The other default settings in the built-in classes are:

  • 10pt type (all document classes)

  • two-sided printing (books and reports) or one-sided (articles and letters)

  • separate title page (books and reports only)

These can be modified with the following document class options which you can add in the same set of square brackets, separated by commas:

11pt

to specify 11pt type (headings, footnotes, etc get scaled up or down in proportion);

12pt

to specify 12pt type (headings, footnotes, etc get scaled up or down in proportion);

oneside

to format one-sided printing for books and reports;

twoside

to format articles or letters for two-sided printing;

titlepage

to force articles to have a separate title page (books and reports get that automatically);

draft

makes LATEX highlight any hyphenation or justification problems (lines too long to fit between the margins) with a small square in the right-hand margin so they can be located quickly by you or a proofreader.

This option also sets graphics to print as an empty rectangle containing just the filename of the image, so that image-heavy drafts will print more quickly and use less ink or toner.

So, if you were using LATEX for a report to be in 12pt type on Letter paper, but printed one-sided in draft mode, you would use:

\documentclass[12pt,letterpaper,oneside,draft]{report}

The 10pt, 11pt, and 12pt settings cover between them probably 99.9% of all common text-document typesetting.
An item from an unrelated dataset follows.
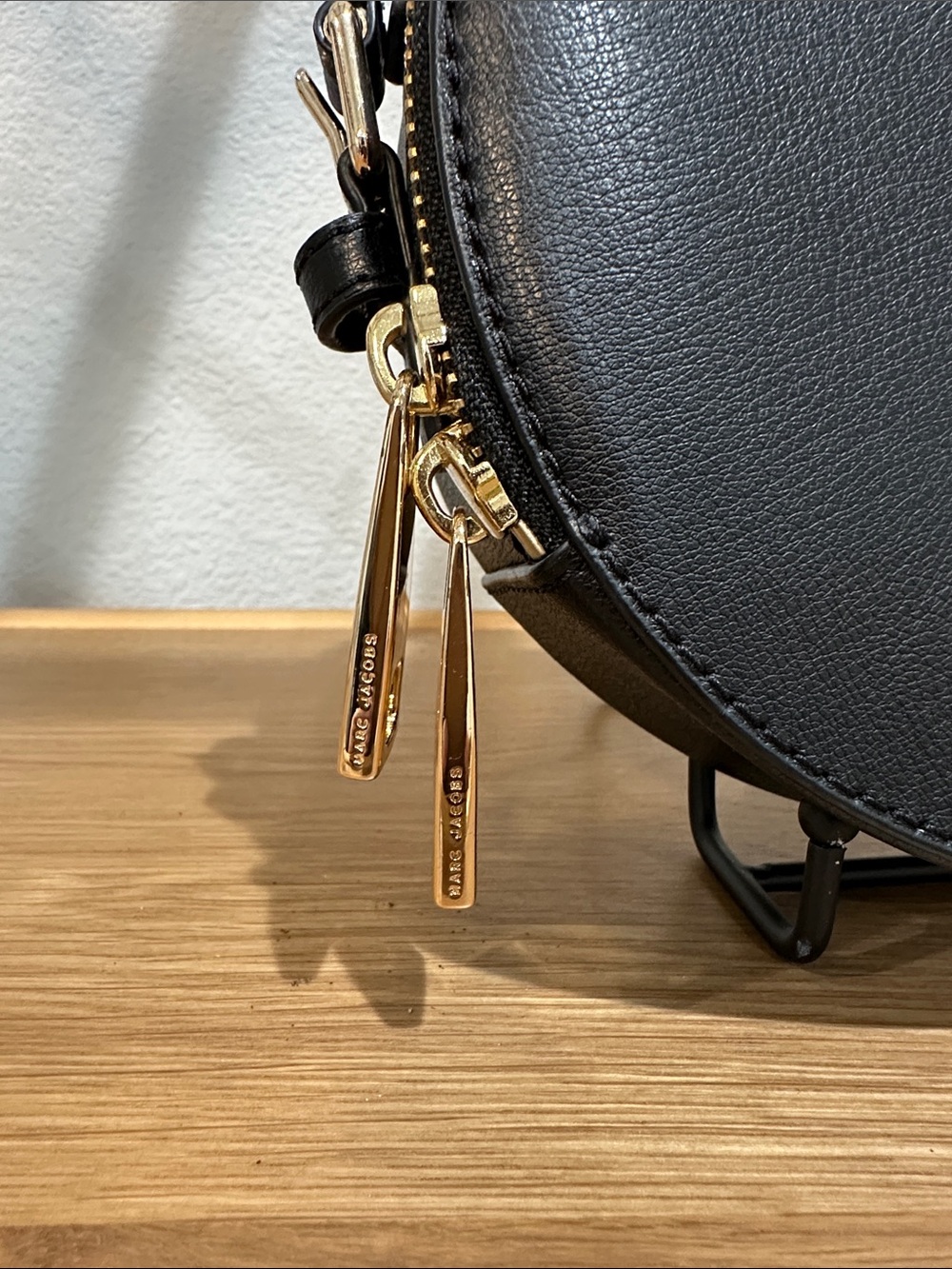Marc Jacobs Black Leather ~ The Commuter Circle Crossbody Bag ~
Limited Edition - Picture 7 of 12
There are extra options for other body type sizes in the extsizes bundle of document classes (extarticle, extbook, extreport, etc), and various national and international organisations supporting the visually-impaired have special large-type document class options.

Exercise 2.1 — Create a new document

  1. Use your editor to create a new, empty document

    If your editor insists on filling your new document with template material, delete it all so that the file is empty

  2. Type in a Document Class Declaration as shown above

  3. Add a font size option if you wish

  4. In North America, omit the a4paper option or change it to letterpaper

  5. Save the file (make up a name) ensuring the name ends with .tex

Global options

In addition to any options specific to the document class, it is also possible to put package options in the \documentclass options argument instead of in the \usepackage command (see § 3.1.2 below), provided they are not implemented by more than one package. Packages which do not implement the named option at all are supposed to silently ignore it.

  1. Readers familiar with SGML, HTML, and XML will recognise the concept as similar to the Document Type Declaration (it’s still called a ‘type’ there, not a ‘class’). 

  2. Theses and dissertations require an Abstract, which is provided in the report class but not in the book class. Many universities provide a special thesis class of their own. 

  3. The built-in letter class is rather idiosyncratic: I don’t recommend it as there are much better ones you can use which you will find in the memoir package and the komascript bundle. 

  4. For most other purposes, especially for publication, you can use LATEX packages to extend these classes to do what you need. 

  5. ‘Letter’ size is 8½″×11″, which is the trimmed size of the long-obsolete Demy Quarto, still in use in North America. Other common US office sizes are ‘Legal’, which is 8½″×14″, a so-called ‘bastard’ (variant) cutting similar to the old Foolscap (8¼″×13¼″); Ledger or Tabloid (11″×17″, which is exactly twice ‘Letter’, in the same way that A3 is twice A4); and ‘Executive’ (7″×10″). The US still has many other sizes that are obsolete elsewhere, especially in government offices. International Organization for Standardization (ISO) standard ‘A’, ‘B’, and ‘C’ paper sizes, used everywhere else in the world, are still largely unknown in much of North America. 

  6. Note that the standard built-in document classes (book, article, report, or letter) only use the paper size to adjust the margins: they do not embed the paper size name in the PostScript or PDF output. For this you need the geometry package in order to ensure that the paper size name gets embedded correctly in the output, otherwise printers may select the wrong paper tray, or reject the job.